On one hand we have the criminal excesses of a totalitarian's war and on the other we have a finding of the rule of law. You don't like the finding, so what? Find your mountaintop.
Dear 68 grunt,
Well, the legal authorities of Germany had determined that it was within the law of Germany to kill certain persons, whether by starvation or other means. Those who actually did the starving were "just following orders" of their legal superiors.
But you don't recognize starving folks as "killing," just as "letting them pass." So, why would we hold the Germans who starved concentration camp occupants accountable for those deaths? They were merely letting those people pass.
Bottom line, 68 grunt, causing the death of someone via starvation or dehydration is considered to be a crime against humanity by civilized peoples and nations.
In affirming the murder of Terri, you have stepped outside of civilized humanity. Welcome to barbarism.

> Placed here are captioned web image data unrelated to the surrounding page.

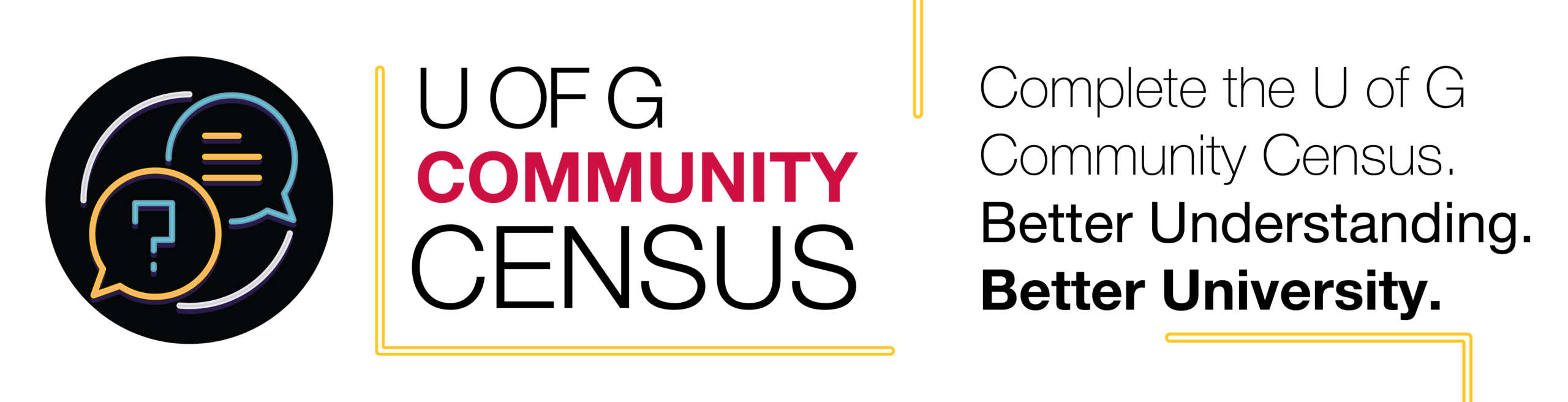Complete the U of G Community Census. Better Understanding. Better University.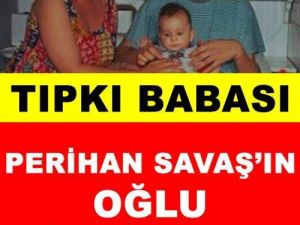 Perihan Savaş'ın Oğlu Bakın Şimdi Ne Halde?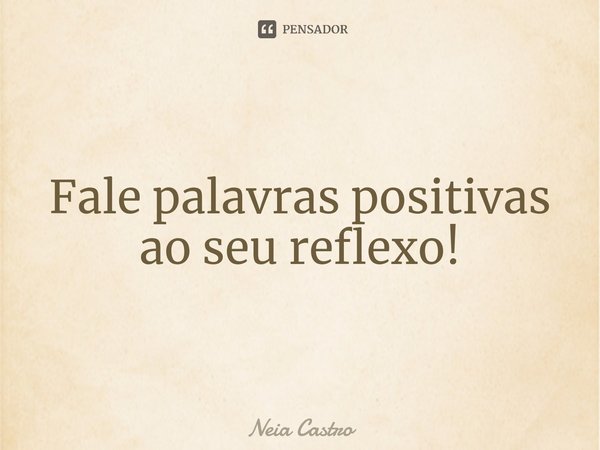 ⁠Fale palavras positivas ao seu reflexo!... Frase de Neia Castro.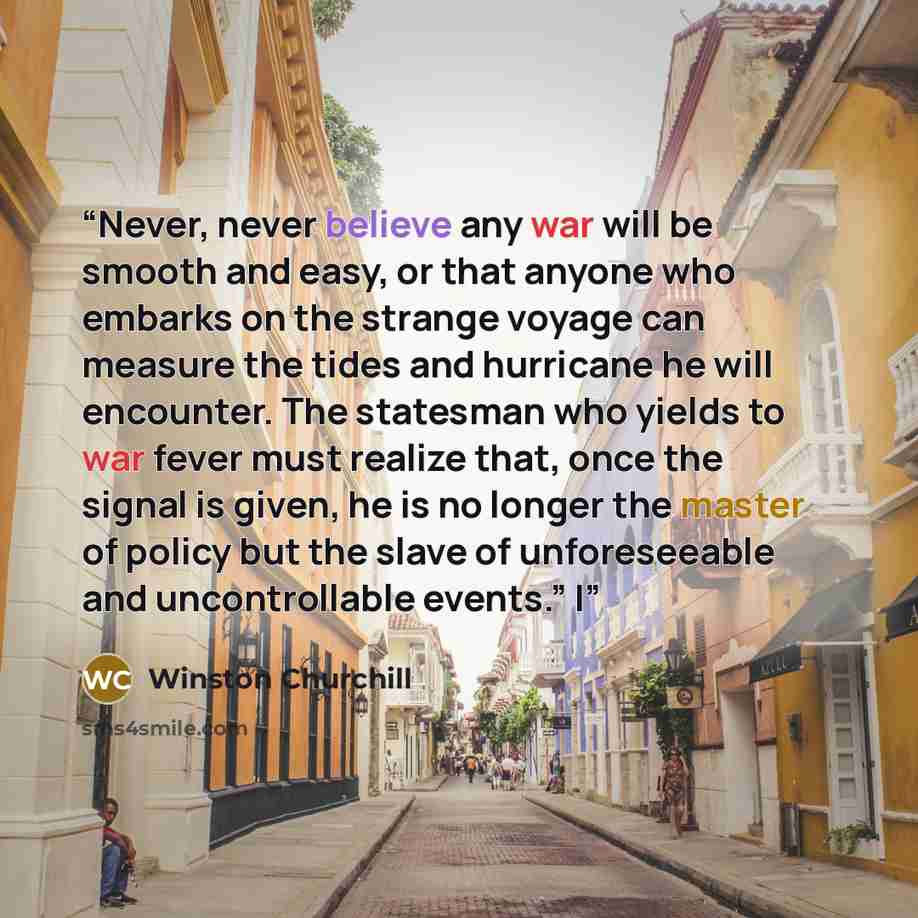 “Never, never believe any war will be smooth and easy, or that anyone who embarks on the strange voyage can measure the tides and hurricane he will encounter. The statesman who yields to war fever must realize that, once the signal is given, he is no longer the master of policy but the slave of…” quote by Winston Churchill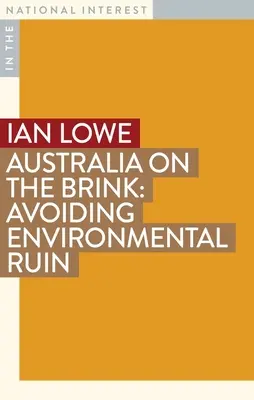 Ausztrália a szakadék szélén: A környezeti pusztulás elkerülése - Australia on the Brink: Avoiding Environmental Ruin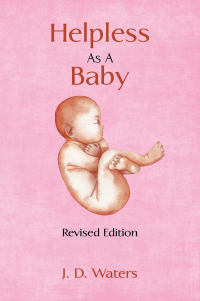 Cover image: Helpless as a Baby 9781665598118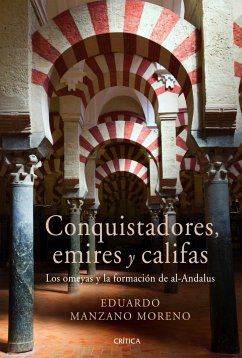 Conquistadores, emires y califas : los omeyas y la formación de al-Andalus - Manzano Moreno, Eduardo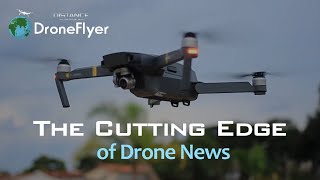 Distance Drones | DroneFlyer | The Cutting Edge of Drone News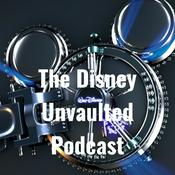 Podcast The Disney Unvaulted Podcast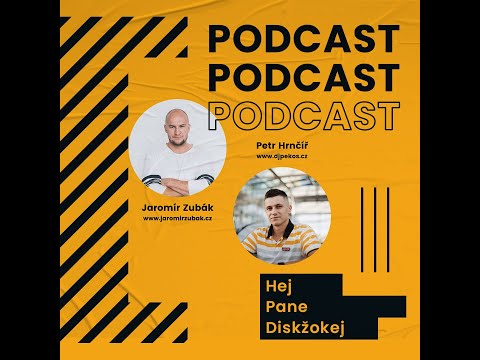 #3# Podcast Hej pane Diskžokej / Jaromír Zubák, fotograf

That someone passes a law that enables the activity doesn't make the law valid. An inherently unjust law doesn't require allegiance. That is why the folks running the concentration camps were not permitted to plead that they were just following orders, because the orders, though made through lawful means, were intrinsically evil, and thus, had no force of law.
As for totalitarianism, I think you've missed an important part of this debate. Our Constitution wasn't set up with the idea of judicial supremacy in mind. Judicial supremacy, or so thought the founders, was a particularly vile form of tyranny.
Thus, not only is what is happening illegal from a substantive point of view (even an order or law provided through legal forms is unlawful if it is fundamentally evil), but it is illegal in its process, as well, from a constitutional point of view, in that the murderer greer's orders have usurped the power of the executive, and represent judicial tyranny.